Japan favors an abortion method less commonly employed in Western countries, but the method poses no major safety problems, according to a research panel.
The Health, Labor and Welfare Ministry's panel conducted the nation's first large-scale investigation of induced abortions beginning in September last year, in cooperation with Akihito Nakai, professor at Nippon Medical School Tama Nagayama Hospital. It was important to examine the safety of the method frequently used in Japan because it differs from the one recommended by the World Health Organisation.
The investigation surveyed all of the 4,154 institutions in Japan where obstetricians are certified to carry out abortions under the maternal health protection law, and looked at abortions conducted in 2012. Reports from 2,434 institutions, or 59 per cent, were received, covering about 110,000 procedures. That group covers about 50 per cent of all abortions carried out in Japan in 2012.
The survey found there were 391 cases among the 110,000 procedures, where patients developed complications, and one case in which a patient died. The frequency of such complications was no greater than in the United States or Britain.

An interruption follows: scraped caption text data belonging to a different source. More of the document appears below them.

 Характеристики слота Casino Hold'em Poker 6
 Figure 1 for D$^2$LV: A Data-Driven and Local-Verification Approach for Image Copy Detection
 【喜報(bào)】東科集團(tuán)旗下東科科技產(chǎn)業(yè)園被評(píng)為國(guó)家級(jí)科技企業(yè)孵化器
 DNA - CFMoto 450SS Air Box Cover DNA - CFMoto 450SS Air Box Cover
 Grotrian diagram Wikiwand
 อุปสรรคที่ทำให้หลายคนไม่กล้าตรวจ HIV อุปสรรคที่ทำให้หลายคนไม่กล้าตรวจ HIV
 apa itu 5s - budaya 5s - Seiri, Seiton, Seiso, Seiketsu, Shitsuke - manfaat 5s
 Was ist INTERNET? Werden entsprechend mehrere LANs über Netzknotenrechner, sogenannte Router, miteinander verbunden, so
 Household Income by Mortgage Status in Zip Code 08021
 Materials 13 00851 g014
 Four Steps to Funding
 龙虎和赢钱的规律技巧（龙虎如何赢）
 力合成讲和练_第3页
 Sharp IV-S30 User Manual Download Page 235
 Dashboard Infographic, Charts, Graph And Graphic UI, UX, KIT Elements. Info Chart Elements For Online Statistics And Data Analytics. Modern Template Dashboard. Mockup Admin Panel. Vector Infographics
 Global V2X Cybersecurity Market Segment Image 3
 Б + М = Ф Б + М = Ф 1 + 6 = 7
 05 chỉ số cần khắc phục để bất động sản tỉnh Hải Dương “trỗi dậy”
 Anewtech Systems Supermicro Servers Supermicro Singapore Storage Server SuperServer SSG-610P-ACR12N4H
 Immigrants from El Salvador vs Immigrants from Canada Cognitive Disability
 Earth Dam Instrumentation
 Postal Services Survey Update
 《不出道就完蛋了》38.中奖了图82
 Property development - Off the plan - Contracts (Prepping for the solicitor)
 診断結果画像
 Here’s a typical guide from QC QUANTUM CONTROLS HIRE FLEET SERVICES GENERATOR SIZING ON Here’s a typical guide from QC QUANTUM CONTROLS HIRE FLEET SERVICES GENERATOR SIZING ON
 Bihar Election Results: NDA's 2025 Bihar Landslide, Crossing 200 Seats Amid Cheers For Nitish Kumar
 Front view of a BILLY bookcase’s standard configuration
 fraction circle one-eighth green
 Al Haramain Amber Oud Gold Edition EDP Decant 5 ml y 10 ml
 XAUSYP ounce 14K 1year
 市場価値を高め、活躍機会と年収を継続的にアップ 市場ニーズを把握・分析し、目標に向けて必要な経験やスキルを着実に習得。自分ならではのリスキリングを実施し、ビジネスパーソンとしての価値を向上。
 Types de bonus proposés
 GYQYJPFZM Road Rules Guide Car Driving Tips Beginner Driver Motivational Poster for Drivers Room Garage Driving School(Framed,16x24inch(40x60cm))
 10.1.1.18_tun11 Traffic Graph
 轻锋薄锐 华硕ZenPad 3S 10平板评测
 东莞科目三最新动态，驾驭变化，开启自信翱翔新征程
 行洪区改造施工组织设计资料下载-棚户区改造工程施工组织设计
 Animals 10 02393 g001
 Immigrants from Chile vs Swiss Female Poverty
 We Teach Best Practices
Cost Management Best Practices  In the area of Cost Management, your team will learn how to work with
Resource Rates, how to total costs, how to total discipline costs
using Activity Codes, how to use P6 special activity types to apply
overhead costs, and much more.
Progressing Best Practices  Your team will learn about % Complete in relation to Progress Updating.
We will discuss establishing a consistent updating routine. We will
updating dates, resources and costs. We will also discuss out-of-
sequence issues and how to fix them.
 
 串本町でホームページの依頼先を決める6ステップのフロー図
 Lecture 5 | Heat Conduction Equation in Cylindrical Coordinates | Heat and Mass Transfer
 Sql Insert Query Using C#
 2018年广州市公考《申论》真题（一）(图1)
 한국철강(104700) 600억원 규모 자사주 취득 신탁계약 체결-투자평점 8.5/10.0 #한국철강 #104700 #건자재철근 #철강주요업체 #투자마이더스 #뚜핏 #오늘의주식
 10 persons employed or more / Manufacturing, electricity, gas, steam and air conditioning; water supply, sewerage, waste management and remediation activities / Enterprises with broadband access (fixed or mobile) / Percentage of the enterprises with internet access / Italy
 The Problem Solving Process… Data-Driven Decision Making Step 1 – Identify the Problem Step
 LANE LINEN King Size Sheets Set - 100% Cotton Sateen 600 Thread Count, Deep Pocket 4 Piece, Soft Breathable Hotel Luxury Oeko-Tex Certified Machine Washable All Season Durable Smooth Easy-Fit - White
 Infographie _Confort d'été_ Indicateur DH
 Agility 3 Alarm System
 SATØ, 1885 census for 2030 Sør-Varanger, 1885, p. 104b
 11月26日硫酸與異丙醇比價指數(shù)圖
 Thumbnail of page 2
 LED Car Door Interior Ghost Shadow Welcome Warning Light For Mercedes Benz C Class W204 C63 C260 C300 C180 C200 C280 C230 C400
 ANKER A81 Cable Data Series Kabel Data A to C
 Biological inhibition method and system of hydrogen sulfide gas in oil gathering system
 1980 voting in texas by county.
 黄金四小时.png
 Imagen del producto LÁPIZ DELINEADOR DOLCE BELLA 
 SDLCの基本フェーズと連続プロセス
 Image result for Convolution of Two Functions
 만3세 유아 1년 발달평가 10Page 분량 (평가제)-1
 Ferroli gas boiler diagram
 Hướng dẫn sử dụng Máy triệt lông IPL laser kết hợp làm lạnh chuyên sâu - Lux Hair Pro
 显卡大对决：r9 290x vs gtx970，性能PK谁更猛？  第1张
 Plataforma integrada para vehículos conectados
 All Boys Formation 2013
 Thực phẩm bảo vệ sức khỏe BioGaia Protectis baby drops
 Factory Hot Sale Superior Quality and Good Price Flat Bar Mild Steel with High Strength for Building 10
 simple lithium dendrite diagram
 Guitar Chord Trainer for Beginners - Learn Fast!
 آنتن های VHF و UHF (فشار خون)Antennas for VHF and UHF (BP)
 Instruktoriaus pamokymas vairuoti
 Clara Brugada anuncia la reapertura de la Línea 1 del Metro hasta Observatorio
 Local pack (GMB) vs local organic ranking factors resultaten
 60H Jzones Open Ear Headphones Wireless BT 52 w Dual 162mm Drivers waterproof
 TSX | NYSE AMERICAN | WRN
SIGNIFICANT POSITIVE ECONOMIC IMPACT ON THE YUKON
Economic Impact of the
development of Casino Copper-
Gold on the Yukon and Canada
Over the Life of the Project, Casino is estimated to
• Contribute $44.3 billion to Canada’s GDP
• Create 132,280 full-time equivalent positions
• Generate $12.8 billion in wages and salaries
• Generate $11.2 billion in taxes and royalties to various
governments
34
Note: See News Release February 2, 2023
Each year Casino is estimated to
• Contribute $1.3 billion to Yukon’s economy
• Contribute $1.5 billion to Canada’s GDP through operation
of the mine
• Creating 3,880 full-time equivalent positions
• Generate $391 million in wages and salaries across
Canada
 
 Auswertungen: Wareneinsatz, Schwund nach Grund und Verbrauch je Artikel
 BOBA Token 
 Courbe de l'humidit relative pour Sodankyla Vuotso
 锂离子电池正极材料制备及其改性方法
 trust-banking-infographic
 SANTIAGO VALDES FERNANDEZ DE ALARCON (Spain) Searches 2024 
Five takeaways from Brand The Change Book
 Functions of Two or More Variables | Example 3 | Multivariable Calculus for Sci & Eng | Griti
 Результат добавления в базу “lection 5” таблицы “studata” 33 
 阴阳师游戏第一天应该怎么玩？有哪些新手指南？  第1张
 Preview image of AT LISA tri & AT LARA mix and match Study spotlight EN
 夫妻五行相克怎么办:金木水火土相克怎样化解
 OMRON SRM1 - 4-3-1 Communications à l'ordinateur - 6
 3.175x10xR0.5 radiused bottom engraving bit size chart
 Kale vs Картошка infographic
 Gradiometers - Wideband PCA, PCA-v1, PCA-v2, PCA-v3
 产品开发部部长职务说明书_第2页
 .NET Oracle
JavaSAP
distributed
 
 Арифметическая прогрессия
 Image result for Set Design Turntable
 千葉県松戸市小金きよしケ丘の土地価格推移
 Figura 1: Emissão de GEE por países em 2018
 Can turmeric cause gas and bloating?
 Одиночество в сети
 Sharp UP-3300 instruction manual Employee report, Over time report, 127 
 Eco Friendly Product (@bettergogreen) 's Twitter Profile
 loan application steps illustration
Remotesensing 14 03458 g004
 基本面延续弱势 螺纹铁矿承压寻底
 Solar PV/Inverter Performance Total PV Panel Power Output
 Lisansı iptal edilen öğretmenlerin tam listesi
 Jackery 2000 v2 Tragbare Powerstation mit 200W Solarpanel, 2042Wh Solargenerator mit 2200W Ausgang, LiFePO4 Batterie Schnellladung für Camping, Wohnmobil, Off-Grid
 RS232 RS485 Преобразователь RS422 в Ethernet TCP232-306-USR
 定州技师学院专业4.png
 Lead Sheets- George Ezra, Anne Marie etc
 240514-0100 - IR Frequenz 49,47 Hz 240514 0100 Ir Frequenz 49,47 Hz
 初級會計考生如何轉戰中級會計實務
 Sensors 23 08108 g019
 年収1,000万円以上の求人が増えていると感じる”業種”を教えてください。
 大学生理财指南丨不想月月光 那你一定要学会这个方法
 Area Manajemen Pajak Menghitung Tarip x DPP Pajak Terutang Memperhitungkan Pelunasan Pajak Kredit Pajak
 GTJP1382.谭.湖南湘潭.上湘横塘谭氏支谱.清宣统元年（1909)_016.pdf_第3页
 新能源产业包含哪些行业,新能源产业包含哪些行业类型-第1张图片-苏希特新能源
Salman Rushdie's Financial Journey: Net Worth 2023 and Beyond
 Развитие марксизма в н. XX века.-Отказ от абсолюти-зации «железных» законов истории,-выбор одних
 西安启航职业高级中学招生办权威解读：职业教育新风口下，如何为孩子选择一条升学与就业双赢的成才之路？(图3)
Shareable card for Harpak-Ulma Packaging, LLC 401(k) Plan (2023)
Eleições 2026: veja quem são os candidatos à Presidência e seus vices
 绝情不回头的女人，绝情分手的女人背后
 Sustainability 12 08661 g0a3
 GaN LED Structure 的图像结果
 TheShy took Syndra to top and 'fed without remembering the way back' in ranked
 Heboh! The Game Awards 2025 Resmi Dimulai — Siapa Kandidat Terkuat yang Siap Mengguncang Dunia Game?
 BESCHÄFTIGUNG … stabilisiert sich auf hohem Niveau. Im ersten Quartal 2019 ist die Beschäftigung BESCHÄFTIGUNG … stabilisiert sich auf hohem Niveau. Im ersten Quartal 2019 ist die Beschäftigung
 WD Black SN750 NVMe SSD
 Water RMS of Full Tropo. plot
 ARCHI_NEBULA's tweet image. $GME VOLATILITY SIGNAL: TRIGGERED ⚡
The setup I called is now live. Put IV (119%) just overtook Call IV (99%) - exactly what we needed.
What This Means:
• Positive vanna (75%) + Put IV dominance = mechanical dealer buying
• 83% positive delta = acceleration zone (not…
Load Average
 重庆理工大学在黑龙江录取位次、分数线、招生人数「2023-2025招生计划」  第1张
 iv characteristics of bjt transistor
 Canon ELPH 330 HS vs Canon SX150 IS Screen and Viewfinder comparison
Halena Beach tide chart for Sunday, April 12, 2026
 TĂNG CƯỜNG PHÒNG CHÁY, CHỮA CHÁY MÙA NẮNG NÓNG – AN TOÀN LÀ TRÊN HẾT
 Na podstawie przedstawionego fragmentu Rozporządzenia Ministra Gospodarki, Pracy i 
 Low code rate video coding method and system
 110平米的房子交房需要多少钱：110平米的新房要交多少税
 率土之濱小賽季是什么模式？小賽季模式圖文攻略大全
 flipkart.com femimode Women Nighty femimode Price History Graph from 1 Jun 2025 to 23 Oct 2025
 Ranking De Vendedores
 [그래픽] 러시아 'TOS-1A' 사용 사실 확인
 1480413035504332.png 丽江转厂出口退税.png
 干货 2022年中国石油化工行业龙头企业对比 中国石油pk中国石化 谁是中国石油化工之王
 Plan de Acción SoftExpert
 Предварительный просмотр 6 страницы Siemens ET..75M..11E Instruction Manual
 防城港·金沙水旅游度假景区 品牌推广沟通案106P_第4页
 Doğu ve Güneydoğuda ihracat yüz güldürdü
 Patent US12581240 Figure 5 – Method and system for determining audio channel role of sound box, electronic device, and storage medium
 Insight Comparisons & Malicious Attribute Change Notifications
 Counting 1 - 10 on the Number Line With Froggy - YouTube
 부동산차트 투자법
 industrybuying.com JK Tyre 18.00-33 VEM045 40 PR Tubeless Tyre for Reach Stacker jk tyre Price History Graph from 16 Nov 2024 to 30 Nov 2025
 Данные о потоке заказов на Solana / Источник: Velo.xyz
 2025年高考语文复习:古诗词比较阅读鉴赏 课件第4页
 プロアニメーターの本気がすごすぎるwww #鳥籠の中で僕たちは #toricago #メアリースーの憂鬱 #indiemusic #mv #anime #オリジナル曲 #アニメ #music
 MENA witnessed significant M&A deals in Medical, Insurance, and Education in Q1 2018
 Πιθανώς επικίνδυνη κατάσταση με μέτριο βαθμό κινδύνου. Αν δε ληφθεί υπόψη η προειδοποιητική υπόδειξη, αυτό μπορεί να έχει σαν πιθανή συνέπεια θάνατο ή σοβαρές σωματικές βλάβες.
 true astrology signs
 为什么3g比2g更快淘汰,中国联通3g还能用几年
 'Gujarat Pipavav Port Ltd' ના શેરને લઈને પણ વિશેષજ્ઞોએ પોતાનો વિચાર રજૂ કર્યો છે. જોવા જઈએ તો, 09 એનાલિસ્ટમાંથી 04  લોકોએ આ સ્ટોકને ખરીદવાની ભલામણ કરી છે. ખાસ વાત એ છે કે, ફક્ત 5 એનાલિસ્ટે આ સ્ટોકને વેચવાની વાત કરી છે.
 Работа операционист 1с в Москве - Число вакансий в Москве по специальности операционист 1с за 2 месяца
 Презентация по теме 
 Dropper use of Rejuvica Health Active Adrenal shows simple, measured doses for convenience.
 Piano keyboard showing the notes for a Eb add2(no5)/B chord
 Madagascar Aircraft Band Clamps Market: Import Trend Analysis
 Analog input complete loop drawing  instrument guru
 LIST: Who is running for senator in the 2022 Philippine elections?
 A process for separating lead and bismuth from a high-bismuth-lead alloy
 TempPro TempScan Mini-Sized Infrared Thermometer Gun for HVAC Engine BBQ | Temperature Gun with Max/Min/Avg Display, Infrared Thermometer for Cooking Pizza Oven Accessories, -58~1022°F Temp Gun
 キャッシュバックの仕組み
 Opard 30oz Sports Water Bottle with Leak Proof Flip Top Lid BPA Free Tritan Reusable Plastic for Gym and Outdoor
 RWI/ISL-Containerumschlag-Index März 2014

There are three methods typically employed in first trimester abortions in Japan. The first is dilation and curettage, in which a special implement is inserted into the uterus through the dilated cervix to remove the foetus, accounting for 33 per cent of all abortions. The second method is menstrual extraction, in which the uterus is aspirated to remove the foetus, accounting for 20 per cent. The third, and most common method in Japan, is a combination of the other two methods, accounting for 47 per cent of procedures.
The WHO recommends menstrual extraction for early termination of pregnancies.
Abortions performed by the dilation and curettage method had a higher incidence than the menstrual extraction method of cases in which a second surgery was required due to insufficient removal of the foetus. However, there is noteworthy difference between the two methods in terms of the frequency of serious complications such as perforation of the uterine wall.